“You know what you need?” he said.
“A building inspector I can bribe and a plumber that I can afford?”
“Better than that.” He grinned. “You need someone who can fix things. Someone with nothing better to do with their Friday nights.”
I looked across the room. Colt’s jaw had gone tight.
“One game,” Sutton said, nodding toward the pool table. “You and Colt. Winner takes all.”
“All of what?” I asked, frowning.
Sutton’s smile was pure mischief. “That’s between you two.”
The bar had gone quiet. Just the cooler humming and the drip-drip-drip of my financial situation landing in the bucket. Everyone was watching, waiting to see what I’d do.
What he’d do.
I looked at Colt. Colt looked at me.
The bet I wanted to make — the one my brain was absolutely not going to say out loud in a bar full of regulars — involved me, Colt. Alone. Preferably in a bedroom with no clothes on.
To say I’d been fantasizing about the lumberjack…
What I could say, what I needed to say, was exactly what Sutton had suggested.
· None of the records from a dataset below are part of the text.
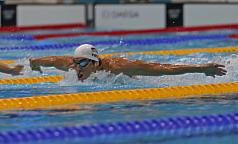 美國泳壇巨星「飛魚」費爾普斯4日結束倫敦奧運最後一戰拿下第18面奧運金牌。圖片來源：中央社。   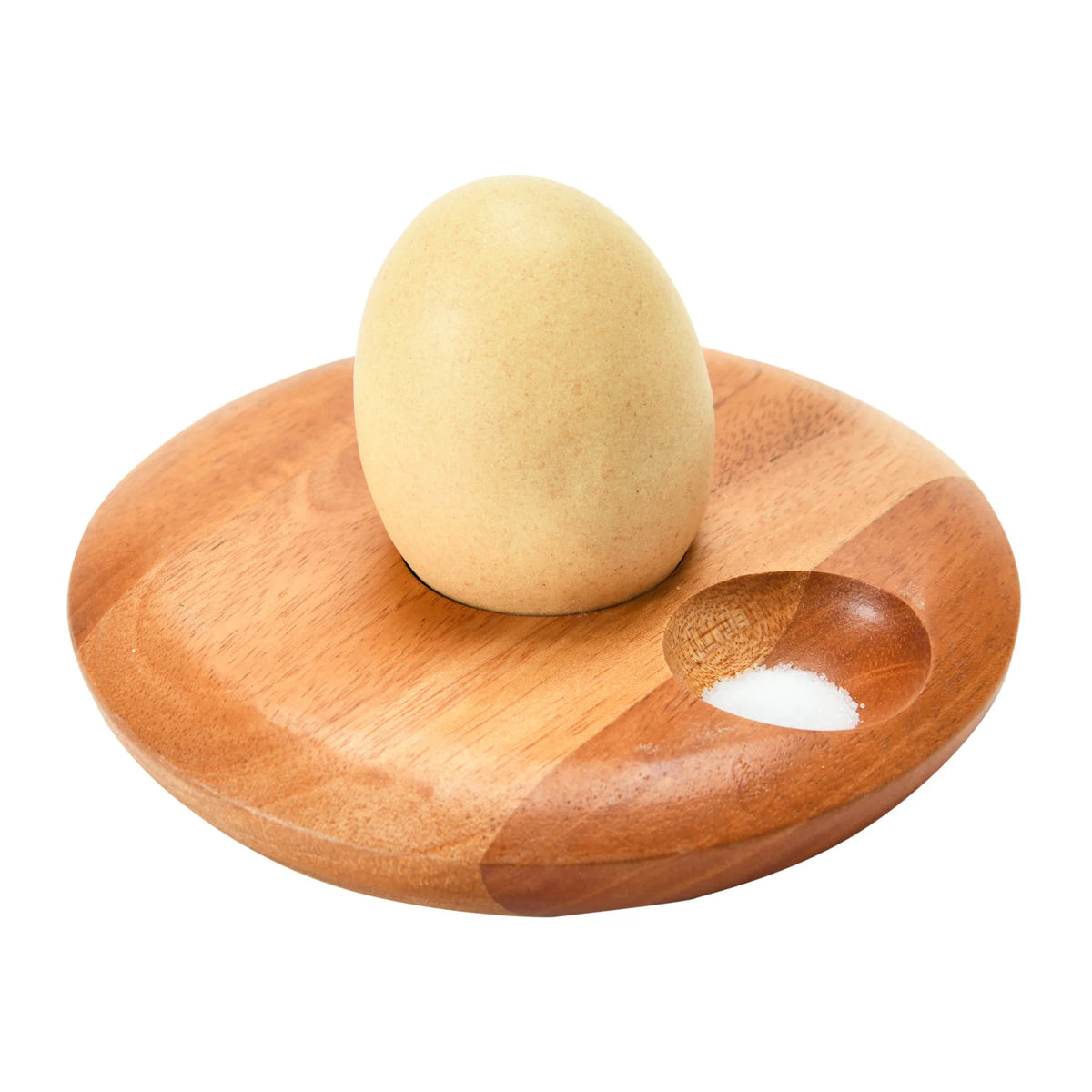 mahogany wood egg holder with salt indent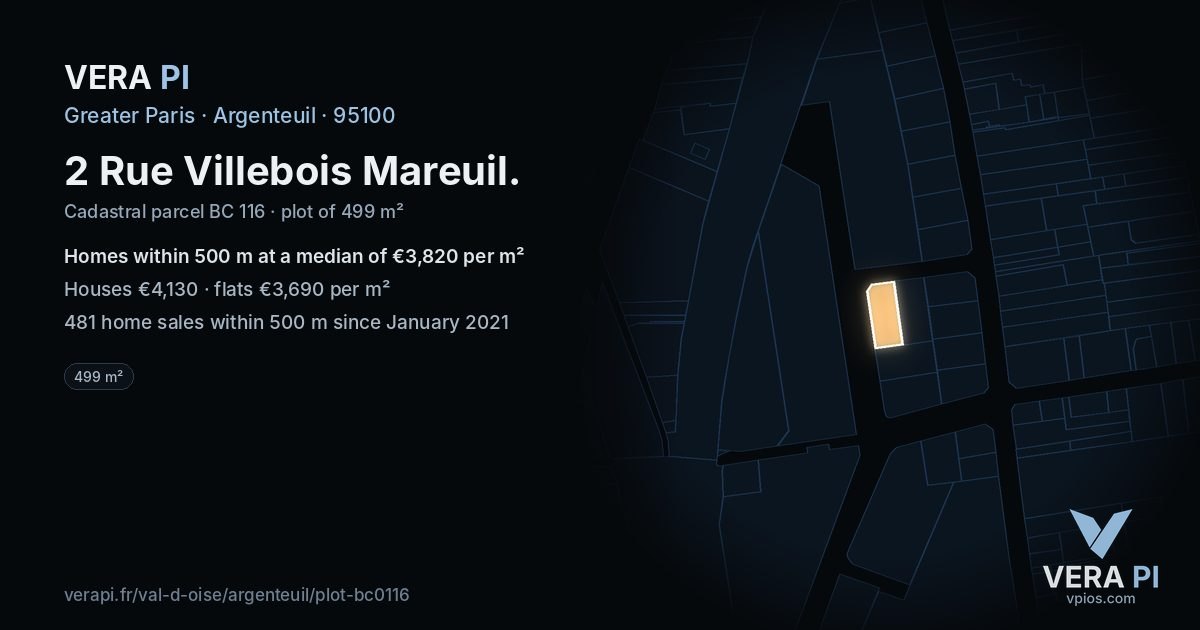 2 Rue Villebois Mareuil, Argenteuil at night – the plot lit, the parcels around coloured by the prices near them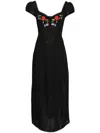 Rixo London Tahlee Embroidered Midi Dress In Black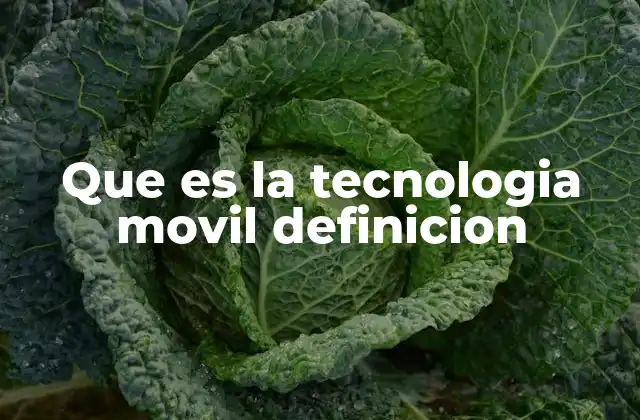 Que es la Tecnologia Movil Definicion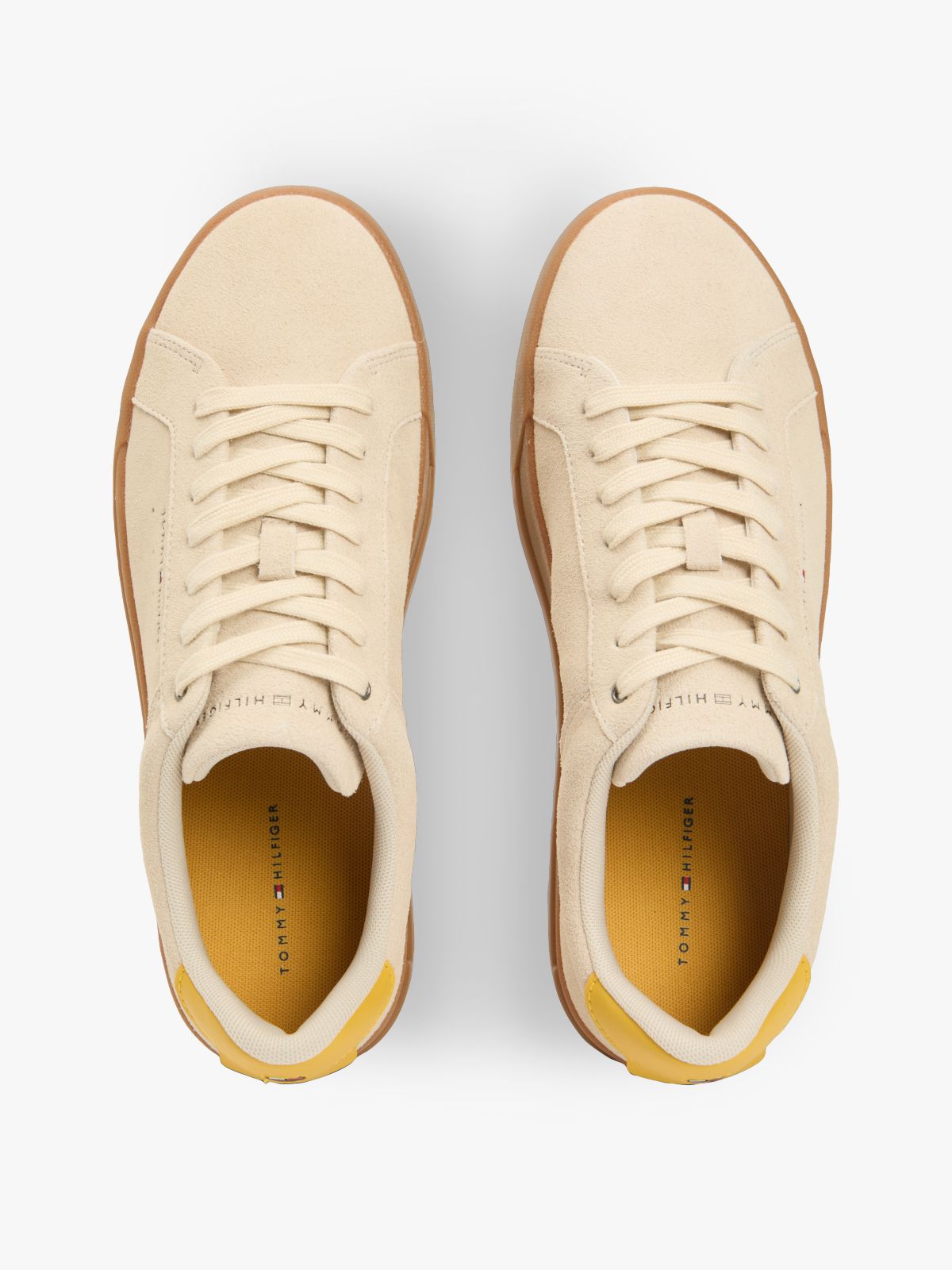 Contrast Heel Suede Court Trainers — Beige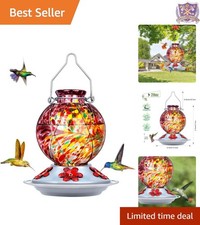 Glass Hummingbird Feeder 20oz Leak-Proof Hanging Outdoor Garden Decor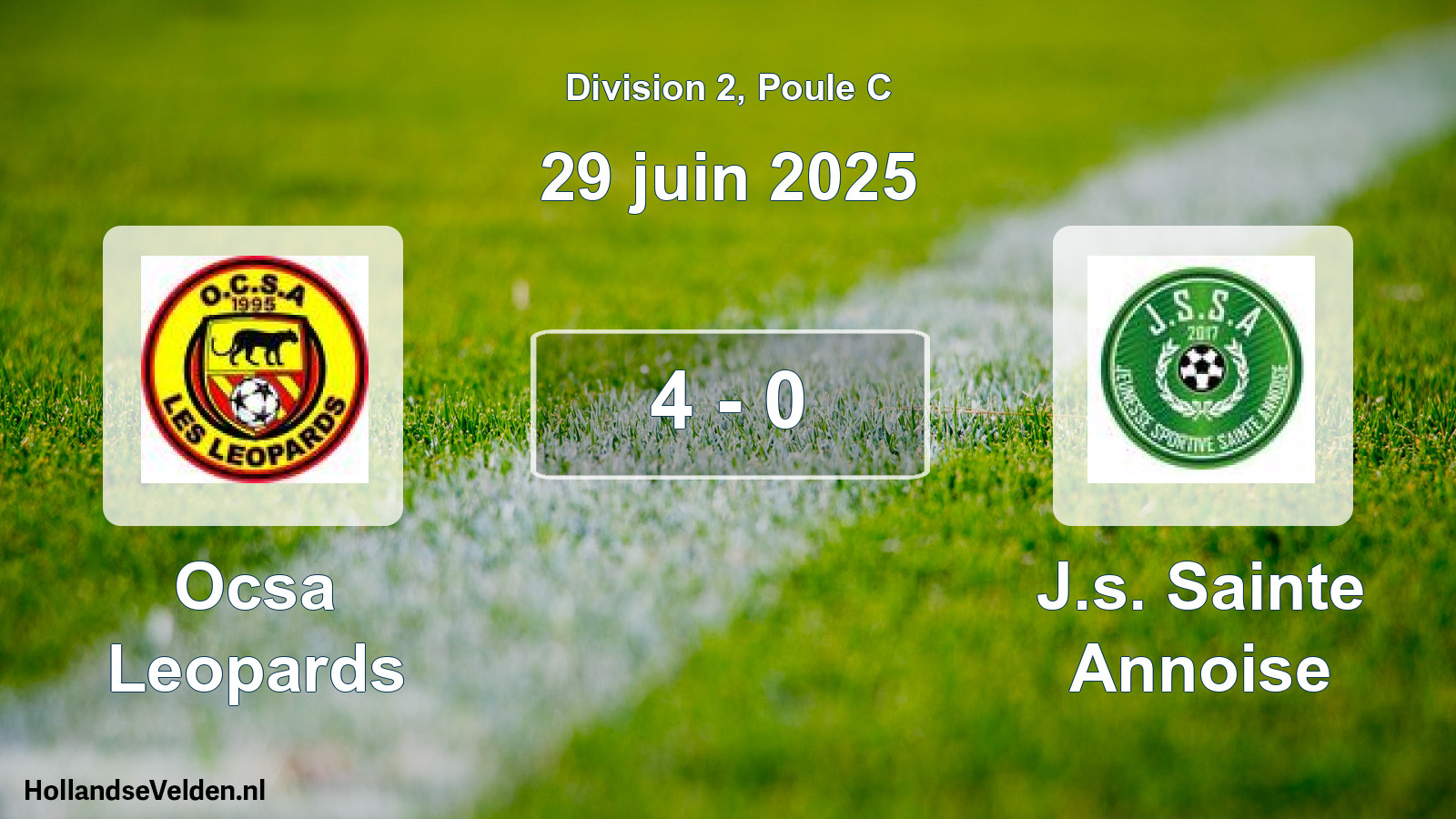 Total number of matches played: Ocsa Leopards - J.s. Sainte Annoise 4 - 0 (29 June 2025)
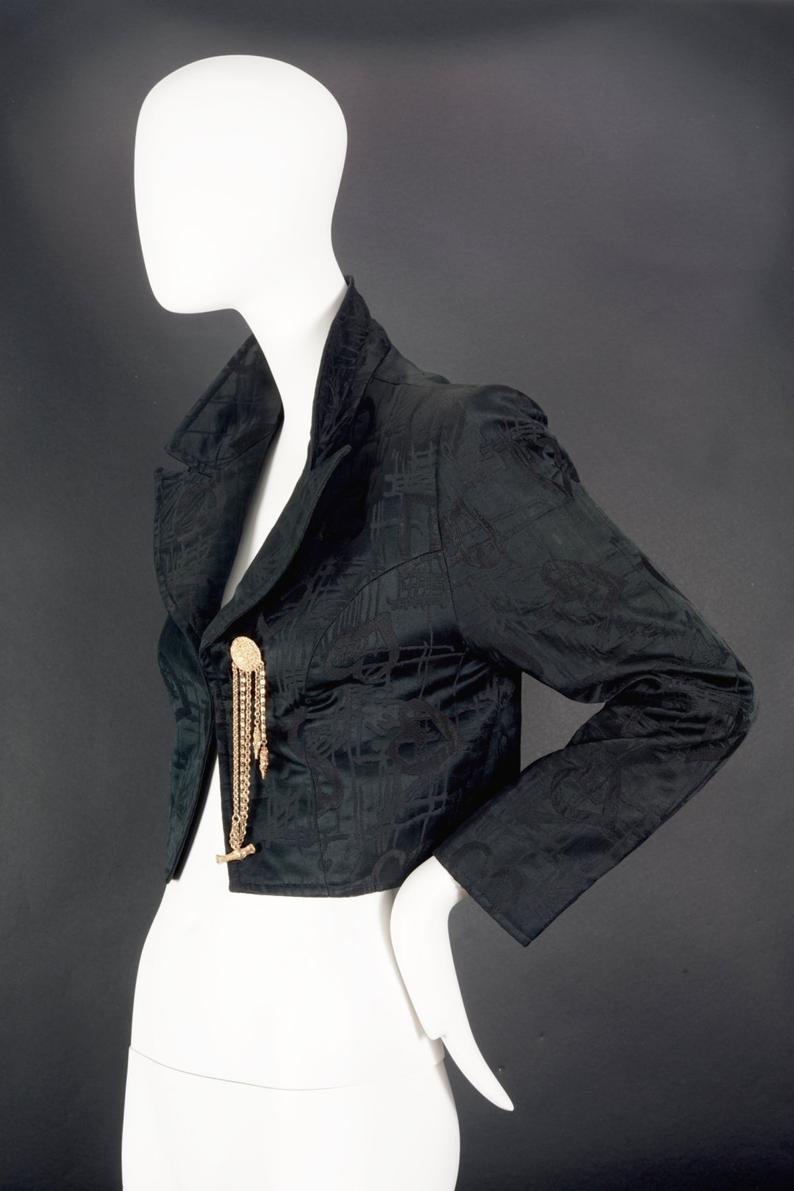 Black Vintage CRISTIAN LACROIX Jeweled Aztec Cropped Blazer Jacket For Sale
Someone to help me. But that was harder to ask for than what I really wanted.
“Fine.” I heard myself. “One game. If I win, Colt helps me fix this place up before it falls down around all our sorry asses. The leak, the lights, whatever else is broken.”
Sutton looked delighted. I stood there, already writing it off. There was nothing in this for Colt. I had little to offer him except one untouched beer a week and some over fried food. I fully expected him to stay in his booth.
He stood up and crossed the room in long, measured strides until he was standing in front of me, close enough that I had to tilt my head back to meet his eyes.
Up close, he was devastating. The kind of big that made me feel delicate for the first time in my life.
“I can fix things,” he said, voice low like a secret. “I’m good with my hands.”
I just bet you are.I gripped the edge of the pool table to keep my legs from sliding out from under me. “And if you win? What would you want? A month of free drinks?”
He stepped closer. I caught the scent of him — soap, sawdust, pine. He was a lumberjack after all and that’s exactly how he should smell. His eyes dropped to my mouth, then came back up slowly.
“That’s what you think I want from you?”
The question hung between us.
“What do you want?”
Colt’s mouth curved — a wicked grin that I was sure had made women swoon at his feet once he unleashed it. He leaned down so only I could hear. “You’ll just have to wait and see.”
That sent goosebumps rippling over my skin and I knew exactly what kind of decision I was about to make. A terrifying, thrilling and completely irresponsible one.
“Rack ‘em up,” I said.
***
The pool game was a disaster, and not because I couldn’t play.
I’d hustled enough college boys in dive bars to know my way around a table. The problem was that every time I bent over to line up a shot, I could feel Colt’s gaze like a brand on the back of my neck. When I stretched across the felt to reach the cue ball, his eyes dropped to the curve of my ass — not leering, not crude, but focused. Appreciative.
Other men glanced and looked away. Colt just — watched. Like my body was something worth his full attention and he saw no reason to pretend otherwise.